_WORK REQUEST_
Reproduce the listing below from the line with "Community of two-story" to the line with "Young woman holding", both lines included, character for character, minus any pictures.

_RECORDS SHOWN_
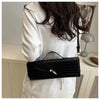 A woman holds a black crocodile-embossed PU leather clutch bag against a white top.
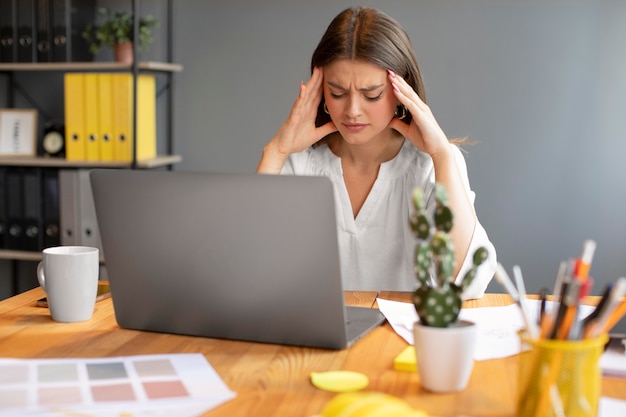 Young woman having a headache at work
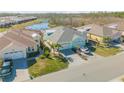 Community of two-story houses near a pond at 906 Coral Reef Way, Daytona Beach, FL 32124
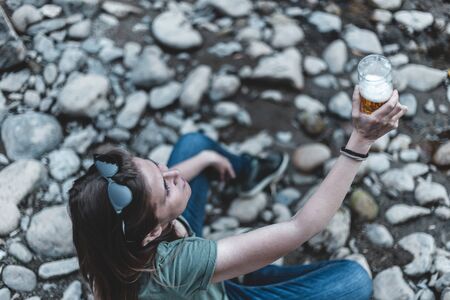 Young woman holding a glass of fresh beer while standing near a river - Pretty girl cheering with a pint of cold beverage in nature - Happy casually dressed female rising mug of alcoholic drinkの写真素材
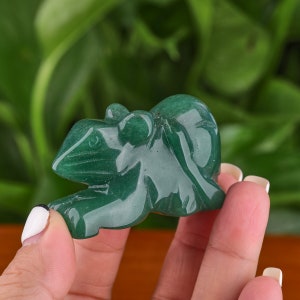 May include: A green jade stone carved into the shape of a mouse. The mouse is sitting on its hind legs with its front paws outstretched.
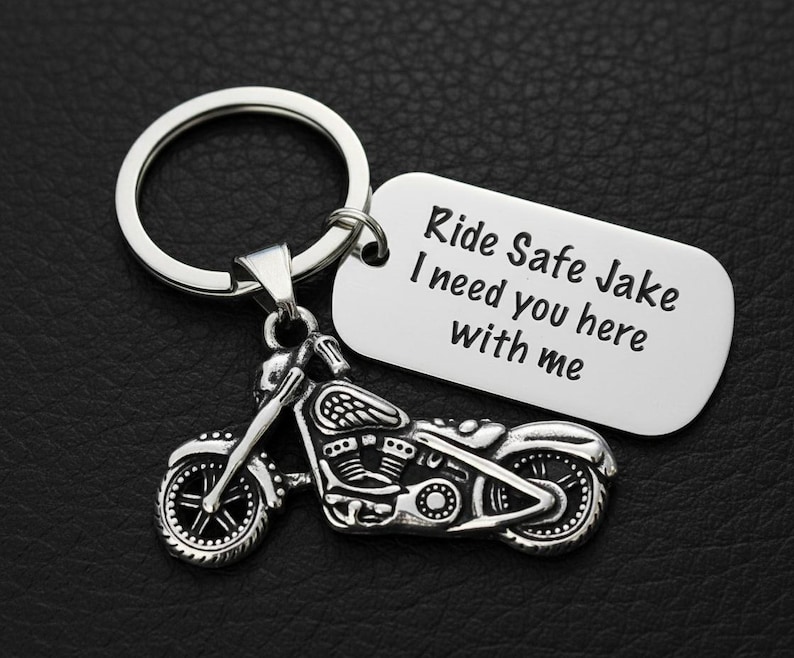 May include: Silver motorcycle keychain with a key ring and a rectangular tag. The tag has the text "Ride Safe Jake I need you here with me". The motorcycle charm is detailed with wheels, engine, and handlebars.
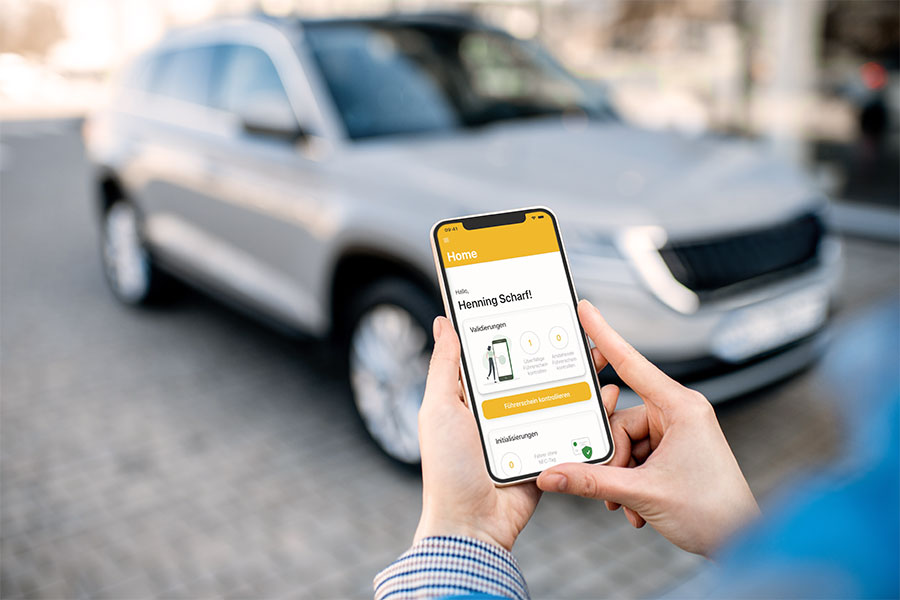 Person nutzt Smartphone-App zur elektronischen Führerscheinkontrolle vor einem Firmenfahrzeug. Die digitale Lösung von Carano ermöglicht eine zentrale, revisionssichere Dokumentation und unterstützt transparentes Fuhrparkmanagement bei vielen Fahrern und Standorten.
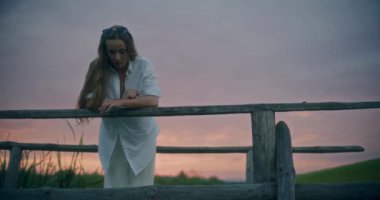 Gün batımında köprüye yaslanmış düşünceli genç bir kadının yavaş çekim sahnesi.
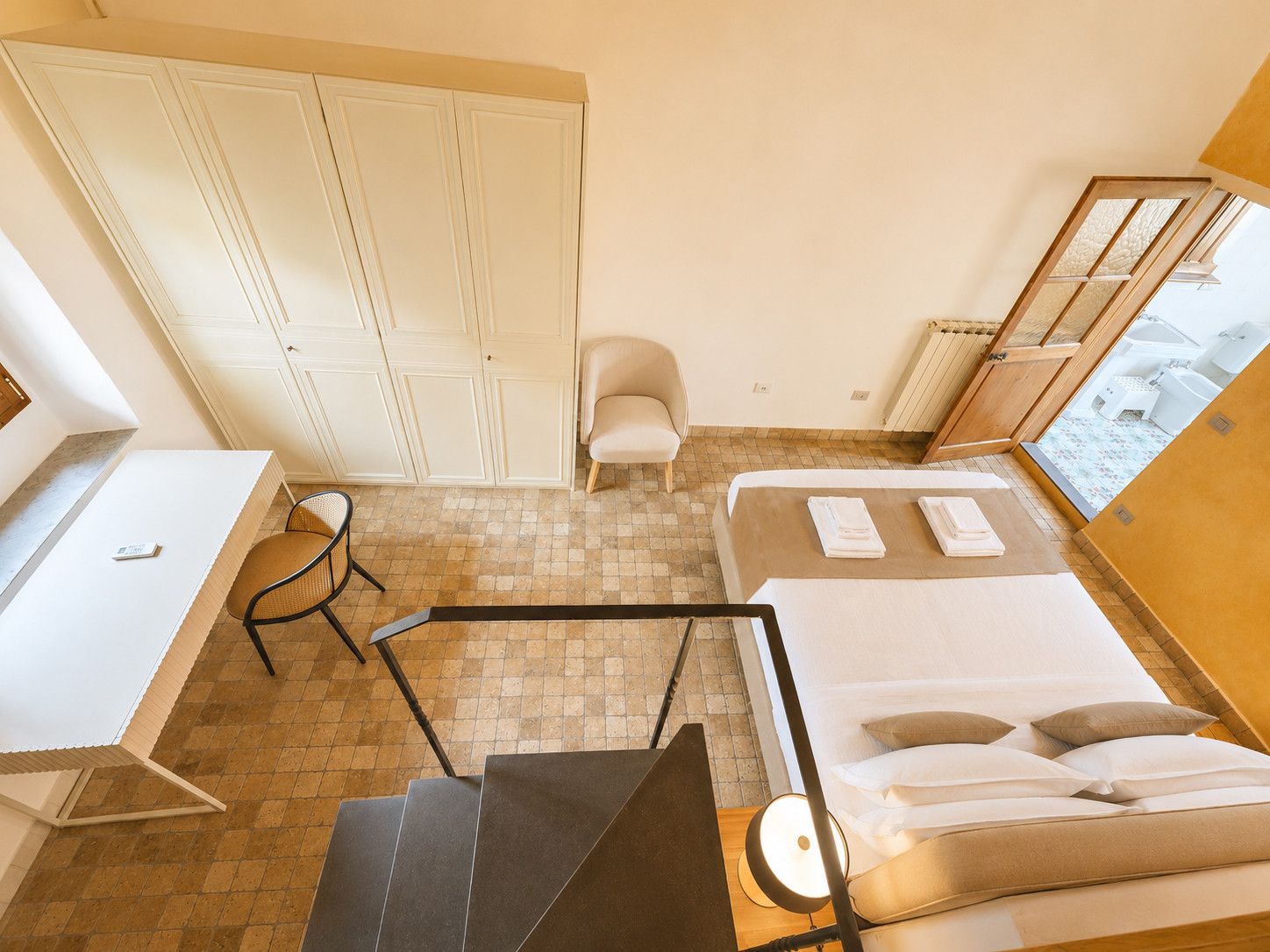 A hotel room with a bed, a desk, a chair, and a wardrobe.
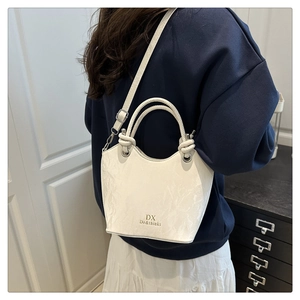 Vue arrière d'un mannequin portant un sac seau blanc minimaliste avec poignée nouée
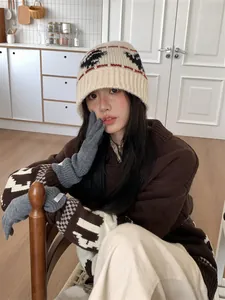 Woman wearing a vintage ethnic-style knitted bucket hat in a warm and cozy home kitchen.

...

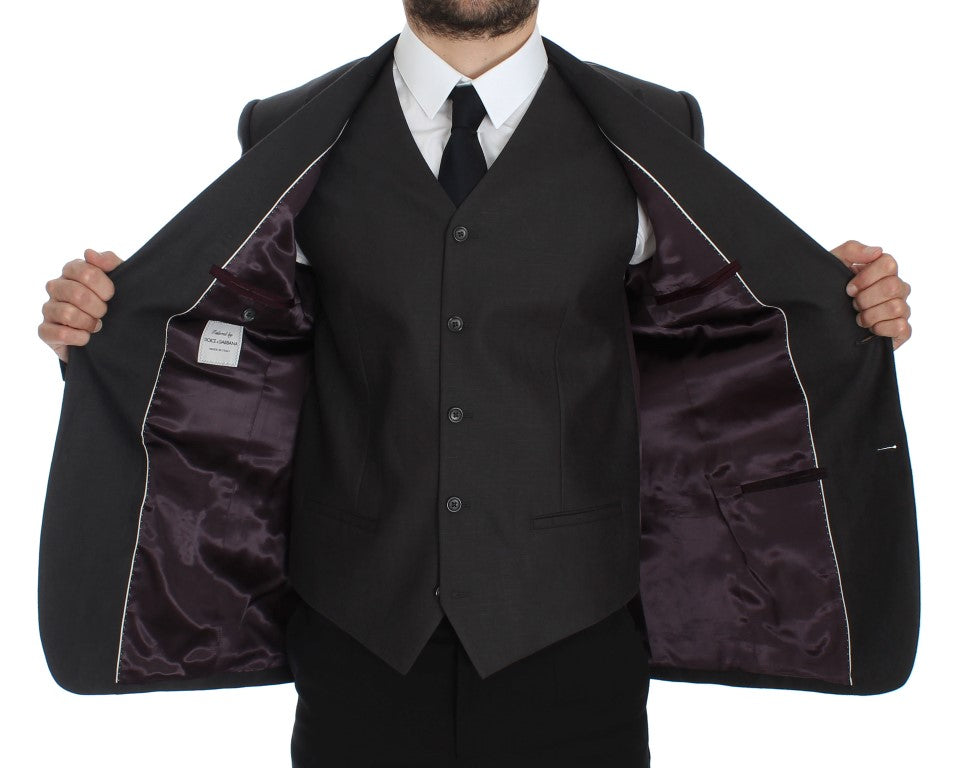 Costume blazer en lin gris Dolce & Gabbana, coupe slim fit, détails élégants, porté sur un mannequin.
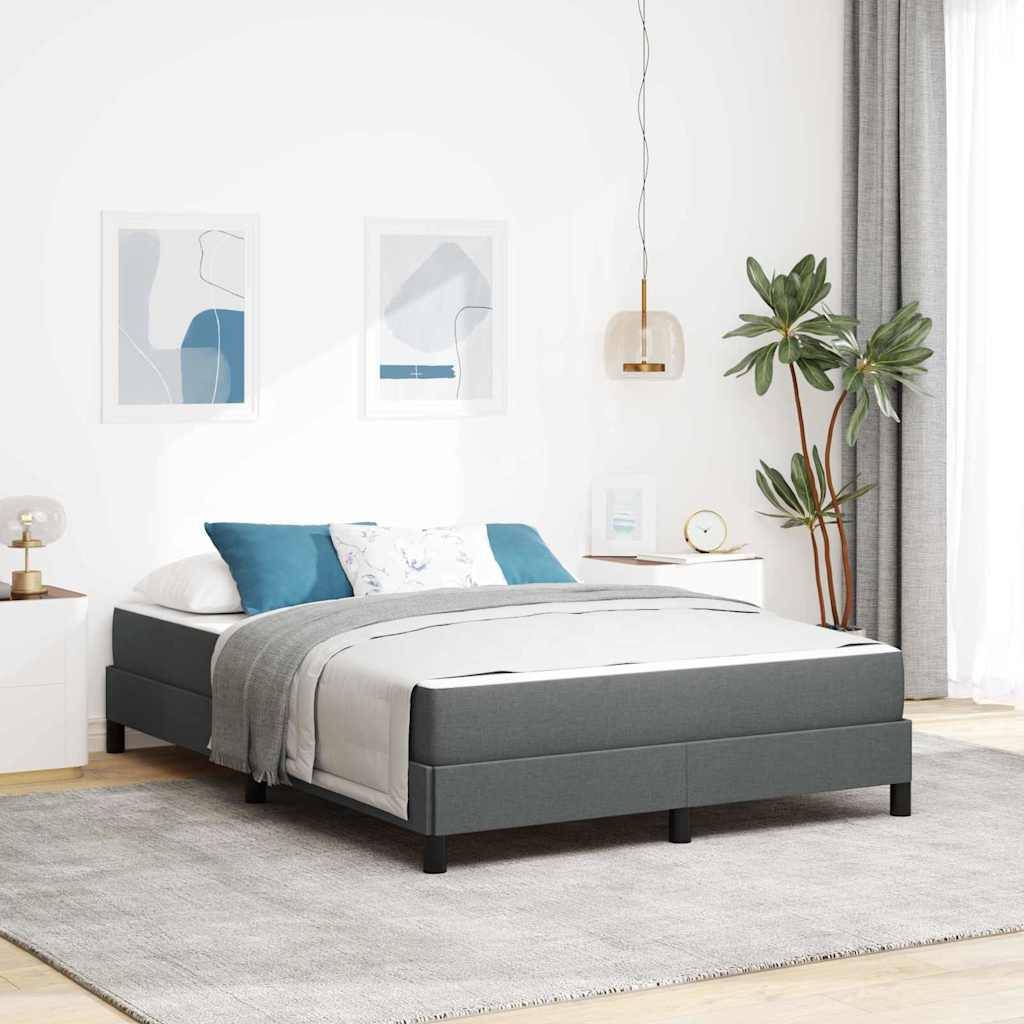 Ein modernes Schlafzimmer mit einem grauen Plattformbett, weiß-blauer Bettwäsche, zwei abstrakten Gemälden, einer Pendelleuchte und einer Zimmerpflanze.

_ANSWER_
 Community of two-story houses near a pond at 906 Coral Reef Way, Daytona Beach, FL 32124
 Young woman holding a glass of fresh beer while standing near a river - Pretty girl cheering with a pint of cold beverage in nature - Happy casually dressed female rising mug of alcoholic drinkの写真素材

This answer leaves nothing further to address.